====== TASK INPUT ======
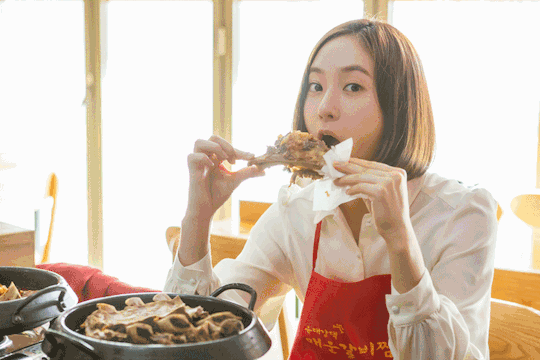 Krystal gây chú ý đặc biệt với diễn xuất mượt mà trong phim mới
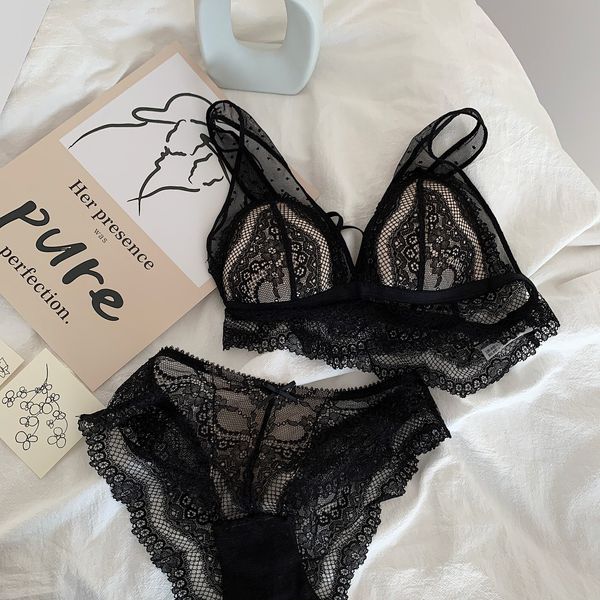 comfortable bralette triangle cup thin underwear lace seamless bra set home wear clothes women lingerie panties, Black;white
comfortable bralette triangle cup thin underwear lace seamless bra set home wear clothes women lingerie panties, Black;white
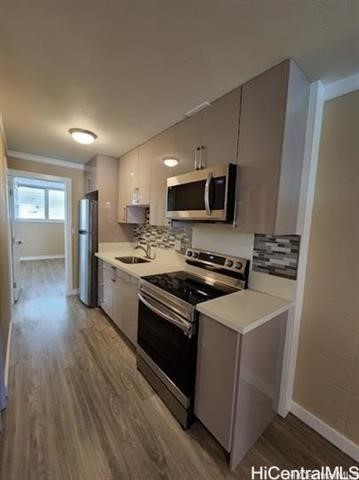 425 Ena Road B101 Property Photo 4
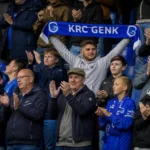Collectieve supporters van Jong Genk vieren de derbyzege in de thuistribune.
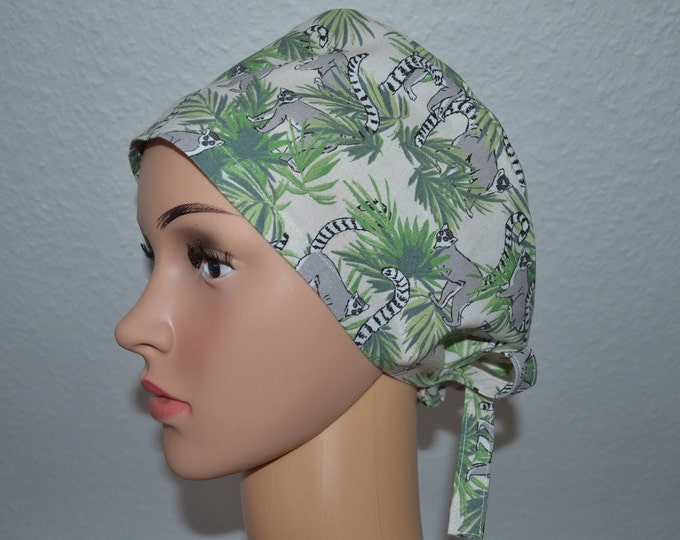 Surgical cap lemurs with terry cloth band, scrub cap, cosmetic cap, cooking cap, bandana, peeling cap, beige with ring-tailed lemurs, handmade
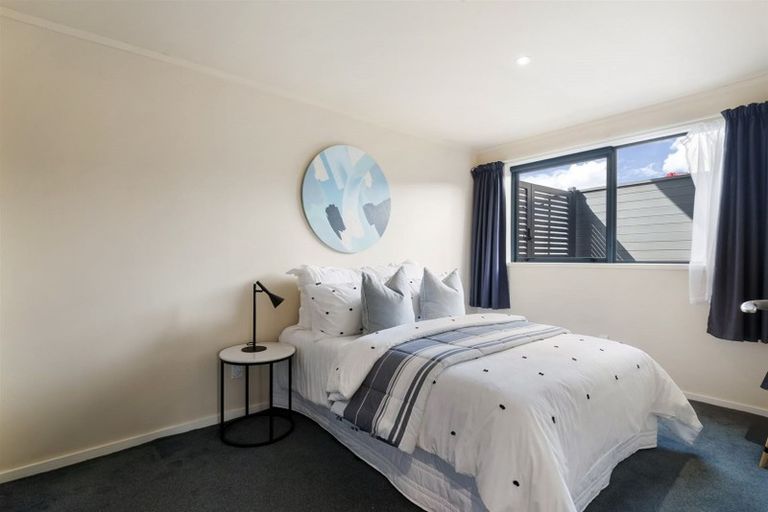 Photo of property in 190 Hurstmere Road, Takapuna, Auckland, 0622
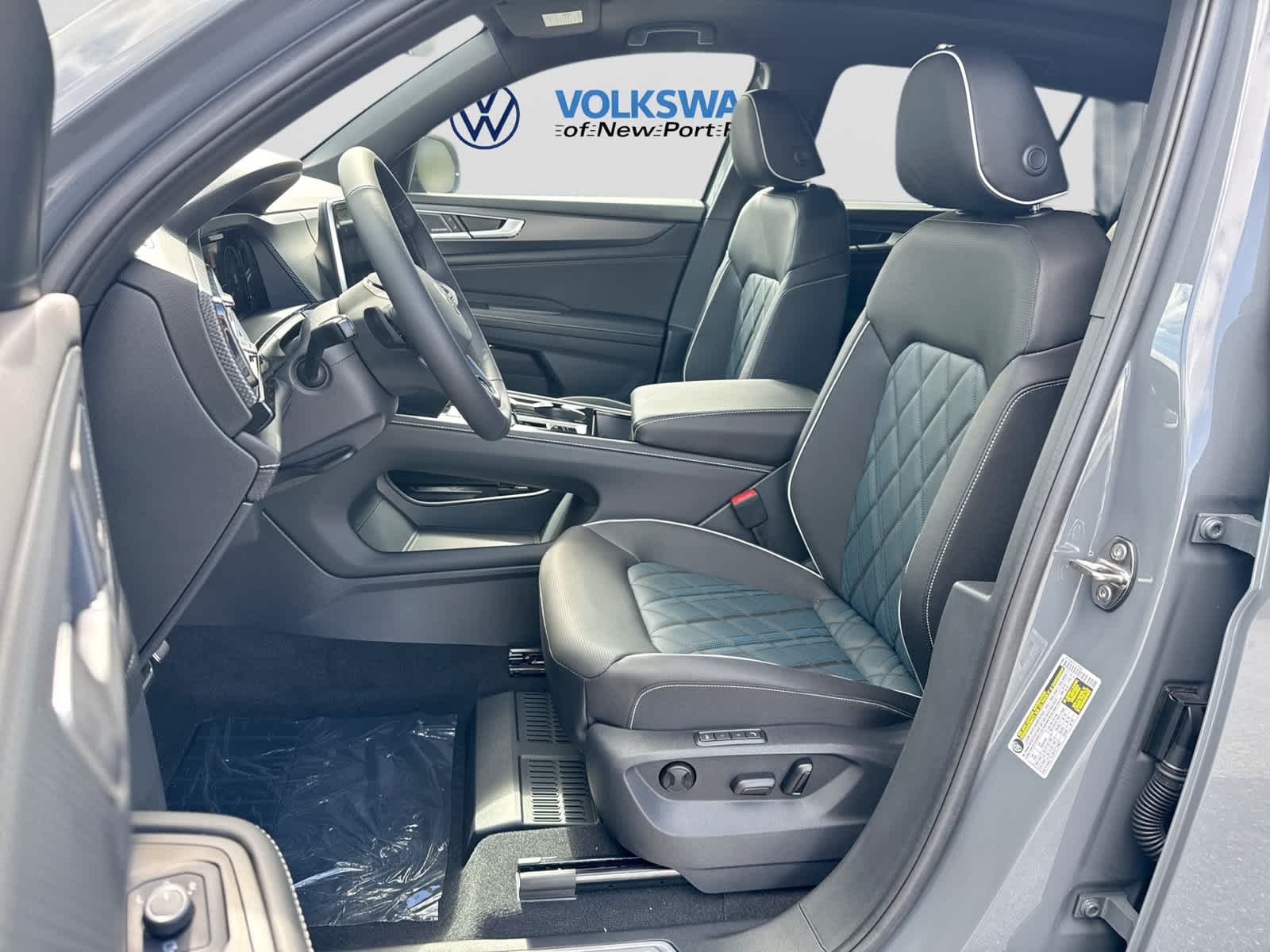 Volkswagen Atlas Cross Sport SEL Premium R-Line 2026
======
All of the data gets printed again exactly; the pictures do not.

 Krystal gây chú ý đặc biệt với diễn xuất mượt mà trong phim mới
 comfortable bralette triangle cup thin underwear lace seamless bra set home wear clothes women lingerie panties, Black;white
comfortable bralette triangle cup thin underwear lace seamless bra set home wear clothes women lingerie panties, Black;white
 425 Ena Road B101 Property Photo 4
Collectieve supporters van Jong Genk vieren de derbyzege in de thuistribune.
 Surgical cap lemurs with terry cloth band, scrub cap, cosmetic cap, cooking cap, bandana, peeling cap, beige with ring-tailed lemurs, handmade
 Photo of property in 190 Hurstmere Road, Takapuna, Auckland, 0622
 Volkswagen Atlas Cross Sport SEL Premium R-Line 2026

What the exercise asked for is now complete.